NICDのアルバイトが何故すごいか
NICDでは、十名を超えるアルバイトスタッフがシフト制の下、働いてます。
仕事の内容は、相談電話受付、書類等の裁判所や検察庁へのデリバリー、接客、簡単なリサーチなどです。
この中で、相談電話の受付とその報告が最も重要な仕事で、しかも、将来、法律家となったときに貴重な財産となるような仕事なのです。
法律家の仕事は、
① 法律家の助力を必要としている人の話を聞く
② その話を聞いて相談者が抱えている悩みがどのような紛争なのか、その性質を分析する
③ その紛争は刑事事件なのか(処罰して欲しい、あるいは、逮捕されそう)、民事事件なのか(お金を請求したい、請求されそう)、あるいは、その両方なのかを判断します。
④ 相談者自身、自分の抱えている悩みがどのような性質の紛争なのか分からないことが多いです。刑事なのか民事なのか、行政の問題なのか、それとも単なる人生相談や恋愛相談なのか、職場の不平不満なのか分からないことが多いです。ですから相談者は何とか自分の悩みや要望を伝えようとあらゆる事情を説明しようとします。
⑤ 法律家はその相談者の話を聞いて、「法律家の頭」で、法律要件や法律効果などを考えながら整理していきます。重要でない事情を長々と話しているところを、法律家は、適宜、口を挟んで整理して問題のポイントを確認したり、いったいどのような法律効果を期待しているのか相談者自身の真意に迫ったりして整理していくのです。このような整理なくして相談者が悩みを話すままにしていると、相談は何時間にも及び、結局、どのような解決手段を示せばいいいのか法律家自身分からなくなってしまいます。この「話の整理」が法律家にとってとても重要なのです。
⑥ 弁護士が相談者から話を聞く場合がそうであり、また、検事が警察から相談を受けるときもそうであり、被疑者の取調べをするときもそうなのです。この整理力がなければなりません。裁判官も代理人双方の主張を整理しなければなりません。雑多で未整理である紛争原因に関する複雑な心情や事実関係や背景事情を整理することが、法律家にとって何よりも重要なのです。この整理が上手にできたとき、あとは、適切な法律要件をあてはめ、問題となりうるいつくかの解釈を踏まえ、推定されるいくつかの結論とその結論を導くための法的手段を提示してあげるのです。
⑦ さらに、そのような相談内容をもとに、法律書面を作成して各種の訴訟行為に移っていきますが、そのよう法律書面も争点が的確に把握されたものであって、法律要件事実も過不足なく含まれ、一読して理解できるものでなければなりません。そのためには、「話の整理」がきちんとできていないといけないのです。「話の整理」ができていないまま、法律書面を作成すれば、それは同じ法律家にとっては理解不能で、言ってみれば「出来の悪い法律家」の烙印を押されてしまいます。そのような法律家はこの世には数多くいます。

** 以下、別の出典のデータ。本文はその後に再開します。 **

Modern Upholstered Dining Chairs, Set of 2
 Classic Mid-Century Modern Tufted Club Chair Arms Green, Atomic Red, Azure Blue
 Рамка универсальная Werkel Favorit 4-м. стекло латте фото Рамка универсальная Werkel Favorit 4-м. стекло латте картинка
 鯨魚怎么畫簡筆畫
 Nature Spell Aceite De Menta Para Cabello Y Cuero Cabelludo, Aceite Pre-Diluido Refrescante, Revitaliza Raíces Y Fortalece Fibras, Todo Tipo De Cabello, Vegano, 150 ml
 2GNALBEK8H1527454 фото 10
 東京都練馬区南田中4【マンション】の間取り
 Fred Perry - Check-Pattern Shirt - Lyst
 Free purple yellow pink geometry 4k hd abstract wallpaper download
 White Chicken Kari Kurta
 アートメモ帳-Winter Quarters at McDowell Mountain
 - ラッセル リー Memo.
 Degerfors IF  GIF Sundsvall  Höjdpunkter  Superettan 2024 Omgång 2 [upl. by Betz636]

⑧ 検事もそうです。検事にとって重要な仕事の一つは、取調べです。取調べはまさに「話の整理」をしながら犯罪構成要件該当事実の有無を分析していく作業です。取調べが上手かどうかは「話の整理」ができているかどうかにかかります。そして、取調べの成果を盛り込んだ供述調書が作成されますが、その調書を読めば、「話の整理」がきちんと出来ているかどうかが分かるものです。
このように、「話の整理」が出来れば、法律家の仕事としては9割が完了したと言っていいのです。その能力こそ、法律家の能力なのです。
NICDでのアルバイトの仕事は、もちろん、アルバイトは法律家ではありませんから、法的な助言は絶対にしません。
しかし、上記のような「話の整理」を、極めて短時間のうちに(15分か20分程度)、「法律家の頭」をもって行う、そんな作業なのです。
しかも、NICDでは、そのような相談電話を受けたアルバイトは、弁護士に電話をつなぐ際に、相談内容を手短かに報告しなければなりません。
働き始めの多くのアルバイトは、「話の整理」もできず、その口頭報告もうまくできないので、弁護士、特に、中村に、「何のことかさっぱり分からない。いいから電話代わって」と言われたり、「こうこうこの点を相談者に聞き直して。」とやられてしまいますから意気消沈してしまいます。
また、弁護士不在のときには、メールで相談内容を報告しなければなりません。
「話の整理」ができていない報告メールは見ればすぐに分かります。そんな報告メールに対する弁護士、とくに中村から返ってくる返信は、「意味が分からない。」「結局、何の相談?」といったものが少なくありません。さらに、NICDでは、報告は簡潔的確を求められるので、なかなかうまく文章にできません。ついつい長文メールになってしまうのです。長文メールを書く人は、自分の頭で整理がされていない、もしくは、法律要件を分かっていないのです。
弁護士、とくに中村からの返信は、「このメール、量を5分の1にしてもう一回報告して」とやられてしまいます。
実は、この光景は、大事務所におけるアソシエイトのパートナーに対する報告、あるいは、検察庁における主任検事の決裁官への報告と同じもので、言ってみれば、NICDのアルバイトは、アルバイト代をもらいながらにして、そのような訓練を日々徹底して受けているのです。
このような訓練を積んでいくNICDのアルバイトは、見る見るうちに力をつけていきます。そして、とうとう、弁護士、とくに中村から怒られなくなる、そんな幸せな(?)日がやがて訪れるのです。
NICDでは次々と新しいアルバイトが入ってきますが、みなさん、以上のような試練にぶち当たり、落ち込みます。しかし、訓練を受けた「先輩アルバイト」が指導してくれるのです。中村から怒られて落ち込んでいる新任アルバイトを慰めてくれるのも先輩アルバイトです。中村に怒られなくなるようなコツまで教えてくれます。
やがて、アルバイトの中から司法試験合格者が出ます。
2014年の司法試験で言うと、現職アルバイトないし直近までアルバイトだった方のうち4名が合格し、前年までアルバイトだった方も1名合格したので、合計5名の最終合格者を出しました。
彼らは全員、もはや法律家の土台・原型は、NICDでの訓練で出来上がっているのです。
NICDのアルバイトは、アルバイトであって単なるアルバイトにあらず。言ってみれば、法律家養成塾の塾生なのです。